**Task:**
With the first line as the start and the line containing "Homescapes katoenen servetten, set" as the end, write out every line of the records exactly.

Excerpts from a dataset:
──────

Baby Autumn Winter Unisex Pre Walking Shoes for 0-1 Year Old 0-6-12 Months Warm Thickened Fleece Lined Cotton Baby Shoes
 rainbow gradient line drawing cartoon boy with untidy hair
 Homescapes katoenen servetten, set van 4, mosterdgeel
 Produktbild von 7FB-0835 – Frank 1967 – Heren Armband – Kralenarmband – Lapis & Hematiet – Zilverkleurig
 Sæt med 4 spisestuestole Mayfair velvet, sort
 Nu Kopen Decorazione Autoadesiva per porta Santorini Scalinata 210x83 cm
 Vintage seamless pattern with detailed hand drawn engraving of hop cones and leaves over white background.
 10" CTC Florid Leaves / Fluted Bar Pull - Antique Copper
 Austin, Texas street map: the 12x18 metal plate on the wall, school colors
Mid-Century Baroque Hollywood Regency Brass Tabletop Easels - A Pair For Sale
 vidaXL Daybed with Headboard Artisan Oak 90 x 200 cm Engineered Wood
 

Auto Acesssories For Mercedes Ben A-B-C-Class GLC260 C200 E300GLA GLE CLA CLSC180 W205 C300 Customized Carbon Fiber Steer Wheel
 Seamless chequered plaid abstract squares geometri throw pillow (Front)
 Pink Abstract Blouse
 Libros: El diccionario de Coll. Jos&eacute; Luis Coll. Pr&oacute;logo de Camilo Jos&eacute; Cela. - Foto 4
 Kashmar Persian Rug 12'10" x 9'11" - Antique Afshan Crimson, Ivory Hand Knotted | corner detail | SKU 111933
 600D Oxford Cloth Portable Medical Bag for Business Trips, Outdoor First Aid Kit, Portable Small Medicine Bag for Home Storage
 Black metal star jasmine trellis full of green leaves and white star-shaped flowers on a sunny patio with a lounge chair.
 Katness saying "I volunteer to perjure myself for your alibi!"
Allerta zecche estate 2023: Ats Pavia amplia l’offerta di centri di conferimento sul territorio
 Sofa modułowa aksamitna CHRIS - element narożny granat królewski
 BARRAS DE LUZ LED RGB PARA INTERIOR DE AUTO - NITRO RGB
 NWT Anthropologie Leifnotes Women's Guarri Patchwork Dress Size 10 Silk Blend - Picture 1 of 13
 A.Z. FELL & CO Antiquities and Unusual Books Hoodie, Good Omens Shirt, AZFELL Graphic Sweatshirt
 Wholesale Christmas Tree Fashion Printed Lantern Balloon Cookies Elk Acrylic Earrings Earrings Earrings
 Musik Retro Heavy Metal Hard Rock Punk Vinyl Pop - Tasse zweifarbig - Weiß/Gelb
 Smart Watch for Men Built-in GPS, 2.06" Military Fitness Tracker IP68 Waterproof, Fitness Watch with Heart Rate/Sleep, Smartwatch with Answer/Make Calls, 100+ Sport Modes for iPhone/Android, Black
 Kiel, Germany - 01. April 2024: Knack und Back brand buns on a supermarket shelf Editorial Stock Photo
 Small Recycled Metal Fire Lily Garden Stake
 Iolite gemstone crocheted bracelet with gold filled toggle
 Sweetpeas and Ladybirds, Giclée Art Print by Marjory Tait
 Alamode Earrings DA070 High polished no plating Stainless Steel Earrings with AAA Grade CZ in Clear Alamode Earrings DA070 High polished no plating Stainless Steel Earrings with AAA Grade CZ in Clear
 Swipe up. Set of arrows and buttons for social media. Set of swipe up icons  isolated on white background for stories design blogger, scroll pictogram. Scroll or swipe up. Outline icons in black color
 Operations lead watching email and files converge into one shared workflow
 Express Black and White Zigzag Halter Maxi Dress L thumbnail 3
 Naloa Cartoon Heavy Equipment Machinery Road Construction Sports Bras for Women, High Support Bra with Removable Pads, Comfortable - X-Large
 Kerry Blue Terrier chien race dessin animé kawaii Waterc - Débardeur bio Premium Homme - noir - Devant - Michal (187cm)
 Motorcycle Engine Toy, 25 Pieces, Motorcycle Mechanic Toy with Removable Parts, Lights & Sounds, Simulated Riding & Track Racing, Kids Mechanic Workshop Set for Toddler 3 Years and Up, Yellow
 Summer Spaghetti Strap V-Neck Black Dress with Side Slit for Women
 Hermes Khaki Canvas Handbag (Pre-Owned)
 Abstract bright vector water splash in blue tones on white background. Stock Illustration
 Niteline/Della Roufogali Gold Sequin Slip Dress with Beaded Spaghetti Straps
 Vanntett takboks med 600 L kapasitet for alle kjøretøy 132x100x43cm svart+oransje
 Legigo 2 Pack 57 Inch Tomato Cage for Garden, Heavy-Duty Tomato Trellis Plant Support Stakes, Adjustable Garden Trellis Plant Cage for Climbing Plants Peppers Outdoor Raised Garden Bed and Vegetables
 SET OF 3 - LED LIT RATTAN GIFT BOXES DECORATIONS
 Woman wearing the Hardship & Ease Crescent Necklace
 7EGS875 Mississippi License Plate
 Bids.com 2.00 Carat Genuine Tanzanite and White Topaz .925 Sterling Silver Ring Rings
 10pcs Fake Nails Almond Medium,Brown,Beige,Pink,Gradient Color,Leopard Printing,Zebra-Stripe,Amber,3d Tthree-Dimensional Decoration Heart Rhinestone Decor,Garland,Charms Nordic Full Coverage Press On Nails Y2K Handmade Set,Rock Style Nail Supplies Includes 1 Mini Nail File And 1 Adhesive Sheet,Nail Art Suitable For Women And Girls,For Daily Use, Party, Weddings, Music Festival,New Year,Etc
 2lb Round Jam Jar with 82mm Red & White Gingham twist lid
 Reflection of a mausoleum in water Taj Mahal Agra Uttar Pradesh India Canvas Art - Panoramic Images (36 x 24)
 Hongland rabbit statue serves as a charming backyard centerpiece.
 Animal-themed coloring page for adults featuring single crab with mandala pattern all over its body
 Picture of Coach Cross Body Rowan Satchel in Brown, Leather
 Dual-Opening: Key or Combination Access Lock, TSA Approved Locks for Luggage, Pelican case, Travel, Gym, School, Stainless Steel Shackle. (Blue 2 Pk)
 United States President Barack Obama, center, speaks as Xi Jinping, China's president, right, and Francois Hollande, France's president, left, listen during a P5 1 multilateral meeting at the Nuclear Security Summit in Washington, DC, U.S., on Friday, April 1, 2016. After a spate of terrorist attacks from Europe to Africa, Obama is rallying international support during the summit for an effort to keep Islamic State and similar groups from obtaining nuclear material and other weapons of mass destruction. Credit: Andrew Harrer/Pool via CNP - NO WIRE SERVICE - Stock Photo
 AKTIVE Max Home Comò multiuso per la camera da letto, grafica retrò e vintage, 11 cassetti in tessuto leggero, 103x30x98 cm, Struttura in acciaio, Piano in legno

──────

**Exercise answer:**
Baby Autumn Winter Unisex Pre Walking Shoes for 0-1 Year Old 0-6-12 Months Warm Thickened Fleece Lined Cotton Baby Shoes
 rainbow gradient line drawing cartoon boy with untidy hair
 Homescapes katoenen servetten, set van 4, mosterdgeel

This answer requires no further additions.